Noncurrent loans are those for which payments are overdue by at least 90 days.

"We remain vigilant," FDIC Chairman Sheila Bair told a news conference on the data. "We are closely monitoring the situation in the markets as well as individual institutions."

Charge-offs, which indicate losses due to unpaid loans, also jumped sharply in the second quarter to the highest level since the end of 2005. Net charge-offs totaled $9.2 billion, up 51 percent from $6.1 billion in the same quarter of 2006.

Bair said the "tremendous golden age of banking" for U.S. financial institutions has ended, at least temporarily.

"Everybody is being challenged in this current environment," she said.

The chairman of the Congressional Joint Economic Committee warned that consumers and the economy face severe consequences unless action is taken to slow the pace of home foreclosures. Sen. Charles Schumer, a New York Democrat, said action was needed to address worsening conditions in mortgage markets, especially for subprime loans to less-credit-worthy borrowers.

Many economists are concerned about the credit logjam's potential drag on the economy and feel a cut in interest rates would help calm jittery financial markets.

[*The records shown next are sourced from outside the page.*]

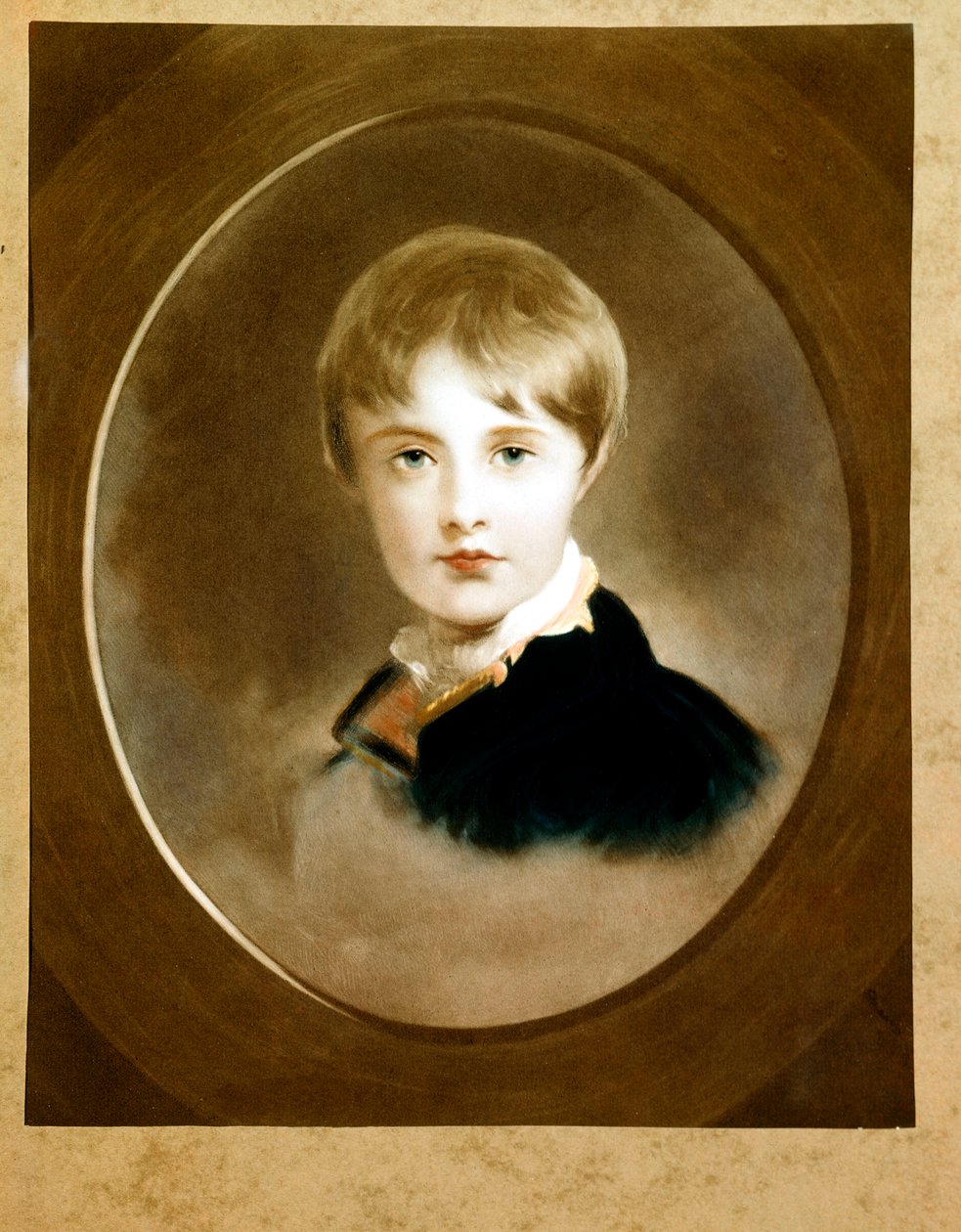 罗马国王（拿破仑二世）（1811-1832）小男孩，拿破仑一世的儿子（布面油画）。 作者 托马斯·劳伦斯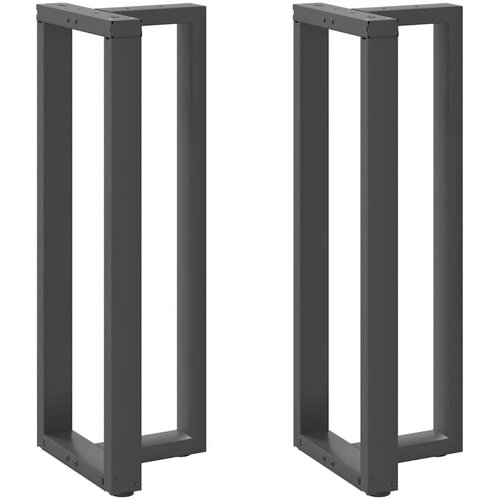 Noge za barski stol T-oblika 2 kom antracit 40x35x(110-111) cm čelik Cene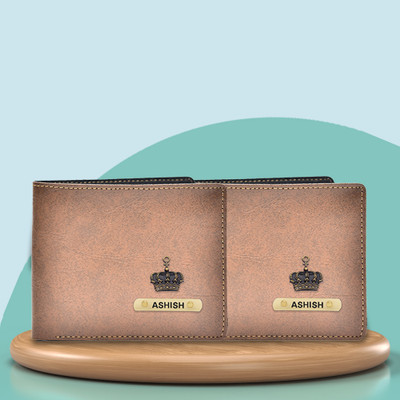 Vorak Ahimsa Men Brown Artificial Leather Wallet(2 Card Slots, Pack of 2)
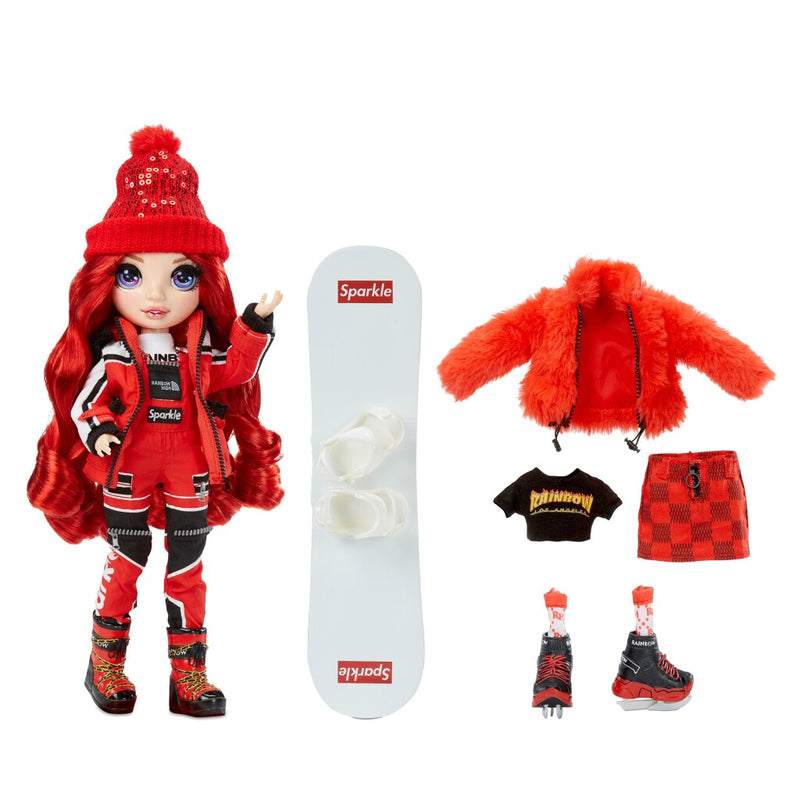Rainbow High Beweegbare Winter Modepop Ruby Anderson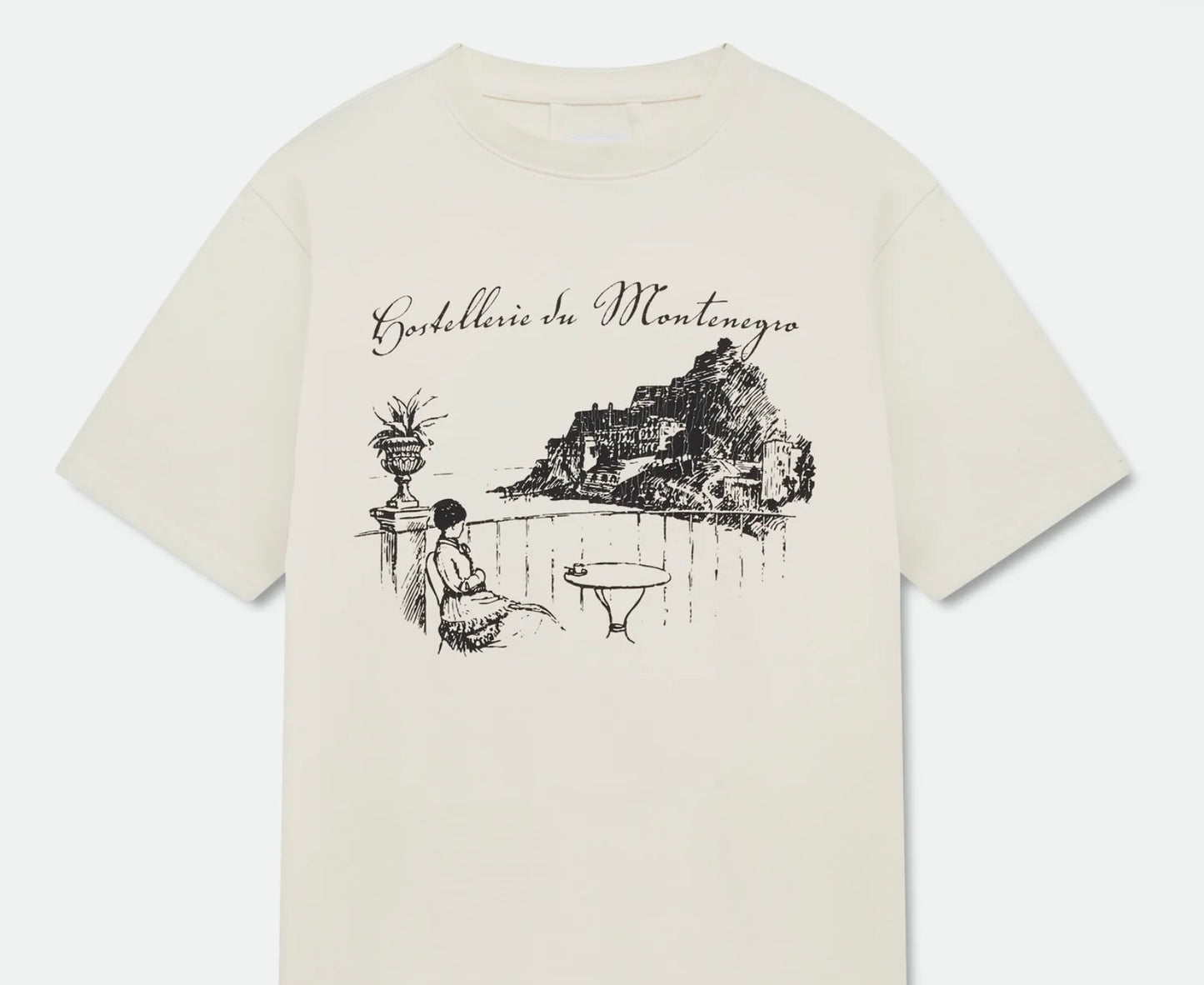 RHUDE MONTENEGRO MORADA TEE WHITE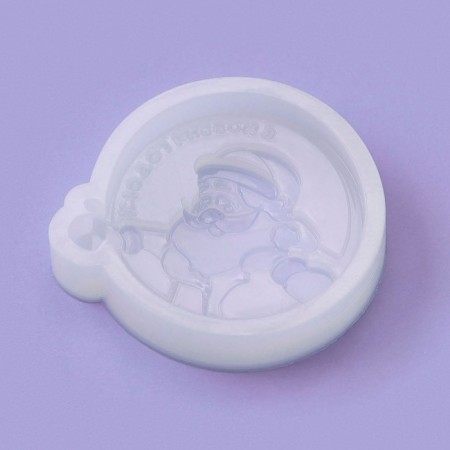 Silicone Mold for candy and chocolate "Santa Claus, Happy New Year!"-2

The Federal Reserve cut its discount rate for emergency loans by 50 basis points on Friday and acknowledged it was ready to cut the funds rate if needed. On Wednesday, a Reuters poll of more than 100 U.S. and European economists showed that most are convinced the Fed will cut interest rates at its September 18 meeting because of the global credit squeeze.

Bair declined to comment on Countrywide Financial Corp (NYSE:CFC - News), the largest U.S. mortgage lender. The company cut 500 jobs and at least two Wall Street analysts said the company could end up in bankruptcy if market conditions worsened. Late on Wednesday, Bank of America (NYSE:BAC - News) said it would invest $2 billion in Countrywide to help shore up its finances.

Industrywide, noncurrent home mortgage loans totaled $27.5 billion at the end of the second quarter. That was up 47 percent from a year ago and up 12.6 percent from the end of the first quarter, the FDIC said.

The FDIC said the number of "problem institutions" grew to 61 in the second quarter from 53 in the previous quarter, including an institution with assets of $10 billion. It did not identify those institutions.

U.S. banks saw second-quarter earnings fall 3.4 percent to $36.7 billion from $38 billion in the year-ago period, but marked their fourth-highest earnings quarter.

Bair said banks are generally well-capitalized and diversified to work through the market adjustments, but still face challenges ahead. "Under the circumstances, the industry's second-quarter earnings performance was very solid," she said.